3 arc minutes southwest of the center. On other occasions there is,

however, no trace of its existence. This is due to its variability,

when the visual magnitude of the star – designated Variable 42 at the

Harvard Observatory – changes between 10.6 and 12.1. It is, as far as

I know, the easiest variable star in a nothern globular cluster to

estimate. There is still one variable within M 5 that would be worth

watching if it were not for one drawback. Variable 84 (visual

magnitude 10.8 – 12.3) is unfortunately placed at the edge of a

dazzling central part of the cluster, and thus is lost in it at low

power needed to fit comparison stars in the field of view. For this

reason we estimated only Variable 42 – the results are to be seen in a

diagram.

Both these details were added to the cluster’s portrait by D.E. Packer,

who observed M5 with a 4.5-inch dialyte refractor at the end

of the last century. Comparing records of April 22 and May 14 in the

spring 1890, he noticed a small changing star (#42), and subsequently

he found still older observation of it, dated May 31, 1889. [10] One

year later Packer announced the discovery of Variable 84. [11]
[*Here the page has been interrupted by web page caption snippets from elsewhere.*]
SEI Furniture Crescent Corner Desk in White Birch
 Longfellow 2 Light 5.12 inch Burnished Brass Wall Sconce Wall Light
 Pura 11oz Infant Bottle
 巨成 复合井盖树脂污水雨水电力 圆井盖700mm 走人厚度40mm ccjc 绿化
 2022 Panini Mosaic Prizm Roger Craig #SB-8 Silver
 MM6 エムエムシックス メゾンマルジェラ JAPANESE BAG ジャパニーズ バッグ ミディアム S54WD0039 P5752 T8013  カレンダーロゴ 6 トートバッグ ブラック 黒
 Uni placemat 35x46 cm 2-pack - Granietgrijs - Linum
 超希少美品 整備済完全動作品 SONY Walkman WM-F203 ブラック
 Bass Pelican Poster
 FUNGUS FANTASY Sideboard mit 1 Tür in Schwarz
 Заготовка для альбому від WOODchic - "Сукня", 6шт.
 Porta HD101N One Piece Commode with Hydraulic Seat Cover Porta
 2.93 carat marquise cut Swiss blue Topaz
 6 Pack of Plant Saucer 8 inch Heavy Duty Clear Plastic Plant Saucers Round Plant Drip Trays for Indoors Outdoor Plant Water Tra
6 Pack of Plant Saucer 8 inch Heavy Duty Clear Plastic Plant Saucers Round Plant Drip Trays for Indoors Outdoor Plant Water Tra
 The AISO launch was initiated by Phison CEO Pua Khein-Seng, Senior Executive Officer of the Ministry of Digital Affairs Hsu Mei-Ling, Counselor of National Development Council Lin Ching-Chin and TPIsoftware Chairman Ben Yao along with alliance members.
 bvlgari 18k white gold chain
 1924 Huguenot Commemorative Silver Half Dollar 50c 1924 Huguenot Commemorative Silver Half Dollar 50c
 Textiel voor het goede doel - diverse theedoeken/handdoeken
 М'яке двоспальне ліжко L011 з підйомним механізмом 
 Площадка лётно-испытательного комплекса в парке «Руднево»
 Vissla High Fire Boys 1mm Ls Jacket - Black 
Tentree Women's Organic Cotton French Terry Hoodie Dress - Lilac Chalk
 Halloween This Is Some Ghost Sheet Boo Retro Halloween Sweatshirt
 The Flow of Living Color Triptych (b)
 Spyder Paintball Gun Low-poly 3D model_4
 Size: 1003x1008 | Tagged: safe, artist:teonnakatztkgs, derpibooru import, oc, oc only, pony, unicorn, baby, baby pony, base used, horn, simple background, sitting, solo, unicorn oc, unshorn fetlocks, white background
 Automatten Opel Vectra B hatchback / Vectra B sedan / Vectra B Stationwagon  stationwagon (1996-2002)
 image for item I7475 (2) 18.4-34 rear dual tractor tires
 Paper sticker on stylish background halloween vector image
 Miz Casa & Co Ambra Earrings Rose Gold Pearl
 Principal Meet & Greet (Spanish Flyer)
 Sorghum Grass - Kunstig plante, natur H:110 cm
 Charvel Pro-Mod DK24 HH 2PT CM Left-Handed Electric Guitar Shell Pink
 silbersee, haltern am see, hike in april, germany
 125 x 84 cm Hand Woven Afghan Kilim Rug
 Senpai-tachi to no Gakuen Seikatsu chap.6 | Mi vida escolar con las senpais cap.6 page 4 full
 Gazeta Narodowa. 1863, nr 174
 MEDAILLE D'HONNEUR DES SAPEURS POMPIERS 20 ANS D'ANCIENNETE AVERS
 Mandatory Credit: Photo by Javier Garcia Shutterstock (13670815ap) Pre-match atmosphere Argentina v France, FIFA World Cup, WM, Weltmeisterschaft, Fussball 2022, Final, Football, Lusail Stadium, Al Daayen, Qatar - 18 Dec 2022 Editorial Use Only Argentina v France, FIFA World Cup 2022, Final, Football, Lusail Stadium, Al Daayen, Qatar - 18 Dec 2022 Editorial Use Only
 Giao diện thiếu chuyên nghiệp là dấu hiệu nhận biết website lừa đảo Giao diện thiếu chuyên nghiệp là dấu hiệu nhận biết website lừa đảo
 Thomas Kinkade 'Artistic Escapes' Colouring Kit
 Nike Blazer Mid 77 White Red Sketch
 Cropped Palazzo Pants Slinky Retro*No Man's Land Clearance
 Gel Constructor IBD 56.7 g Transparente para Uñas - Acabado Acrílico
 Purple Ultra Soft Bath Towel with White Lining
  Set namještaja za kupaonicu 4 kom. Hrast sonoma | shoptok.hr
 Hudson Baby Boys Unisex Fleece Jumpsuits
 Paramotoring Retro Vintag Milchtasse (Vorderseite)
A nice, well-founded, and thorough paper on both our

acquaintances was published by Coutts and Sawyer Hogg of the David

Dunlap Observatory. [12] The variables belong to the W Virginis stars,

otherwise called the Cepheids of Population II, a sort of evolved

luminous supergiant. Light changes of these stars reflect their

pulsation, and a gradual shortening or lengthening of a period, if

detected, can tell us much about stellar evolution. As concerns

Variable 42, the Canadian astronomers showed that its pulsations have

been keeping the strict regularity of 25.738 days since the year 1895,

when the first suitable pictures of M 5 were taken by Solon I. Bailey.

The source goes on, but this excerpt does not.